Given a ring $R$(with or without $1$,may or may not be commutative), $R$ is also an $R-$module. Let $\phi_{ring}\colon R \to R $ be a ring homomorphism and $\phi_{module} \colon R \to R$ be a left $R-$module homomorphism. When(if ever) is $\phi_{ring} = \phi_{module}$.
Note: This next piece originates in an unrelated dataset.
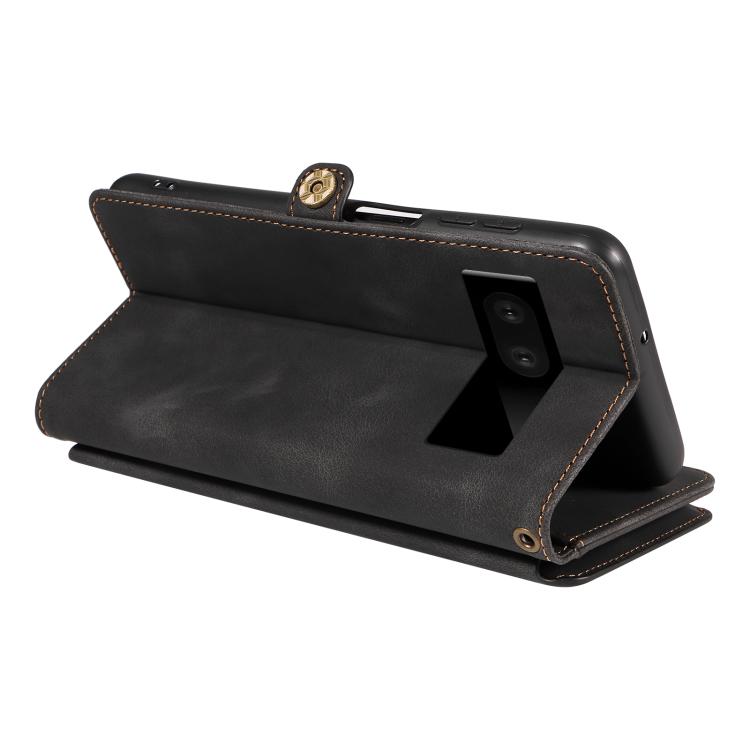For Google Pixel 7 Fantasy Multifunctional Zipper Wallet Leather Phone Case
If ring has a $1$, then $\phi_{ring}(x \times 1)=\phi_{ring}(x) \times \phi_{ring}(1)=\phi_{ring}(x)$ and $\phi_{module}(x\times 1)=x \times \phi_{module}(1)$ .If $\phi_{ring}(x)=x$ and $\phi_{module}(1)=1$,then $\phi_{ring}=\phi_{module}.$
What if the ring does not have $1$.
Of course, the identity mapping on the ring is always a ring and module homomorphism.
Given a left $R$-linear ring homomorphism $\phi:R\to R$, it would have to satisfy $\phi(a)\phi(b)=a\phi(b)$ for all $a,b\in R$.
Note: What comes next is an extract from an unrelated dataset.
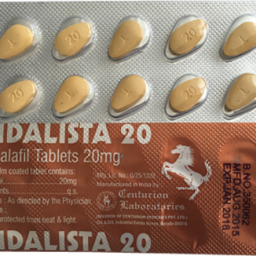 VIDALISTA 20-tadalafil 20mg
If there exists even just one $b\in R$ such that $\phi(b)$ is left regular (meaning it is not a right zero divisor) then from $(\phi(a)-a)\phi(b)=0$ we can conclude that $\phi(a)=a$ for all $a\in R$.
If $R$ is full of zero divisors, then other such maps are possible. To name an extreme case, if $R$ is any ring such that $R\cdot R=\{0\}$, then every additive group homomorphism $\phi:R\to R$ is a left $R$-linear ring homomorphism.